Pour le seul mois d’août, entre Calais et Grande-Synthe, au moins 450 de ces tentes ont été saisies et prédécoupées.

« Et si, d’un vol, on passait à un autre ? »

Quand l’idée fuse, lors d’une réunion d’associations et d’artistes à Calais, Anaïs et Ludovic, de l’association Shanti, la proposent aux habitants et à certains établissements scolaires du coin.

Ce jeudi après-midi, dans une salle du Channel, théâtre et lieu culturel de Calais, des élèves d’une classe de seconde sont assis. A leurs pieds, des petits bouts de toiles des tentes éventrées, inutilisables.

Vraiment ?

Khaled Hosseini a écrit : « C’était toujours pareil avec les cerfs-volants.
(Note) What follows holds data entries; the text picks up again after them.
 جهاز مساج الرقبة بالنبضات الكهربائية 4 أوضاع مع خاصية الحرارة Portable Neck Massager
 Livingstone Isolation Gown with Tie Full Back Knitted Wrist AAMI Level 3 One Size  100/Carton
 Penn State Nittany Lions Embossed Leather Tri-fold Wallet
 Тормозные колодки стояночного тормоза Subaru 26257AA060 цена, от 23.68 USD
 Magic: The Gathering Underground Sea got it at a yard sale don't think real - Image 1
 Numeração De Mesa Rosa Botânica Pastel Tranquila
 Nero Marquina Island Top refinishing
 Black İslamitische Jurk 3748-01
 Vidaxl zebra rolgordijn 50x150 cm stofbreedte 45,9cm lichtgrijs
Vos pensées dérivaient en même temps qu’eux »(1). Et il a raison.

Ash, Wendy, Valentin, Juliette, Léa… Ils ont 15 ans, sont nés ici. Il y a quinze ans, on tentait déjà la traversée vers l’Angleterre. « Ils sont nés avec », sourit Veronika, leur prof. Sur les toiles de tente, ils écrivent, avec leurs mots. Juliette s’applique sur son petit bout de toile. « Liberté, Egalité, Fraternité », y inscrit-elle au feutre. Elle lève la tête pour voir ça de plus loin et admet que « le cerf-volant, c’est la liberté. Et puis c’est poétique ».

Oui, et ça vole aussi haut que les rêves des types qui traversent de nuit la mer froide.

C’est un petit bout de l’enfance. Celle-là même qui a été volée par la guerre ou la foudre de la pauvreté aux mômes de leur âge qui se retrouvent ici. Qui se retrouvent ici à dormir sous des tentes. Celles-là mêmes qui serviront demain de cerfs-volants et qui étaient hier éventrées, rendues inutilisables et qui n’abritaient plus personne.

Notes

(1) Les cerfs-volants de Kaboul, K. Hosseini (éd. Belfond).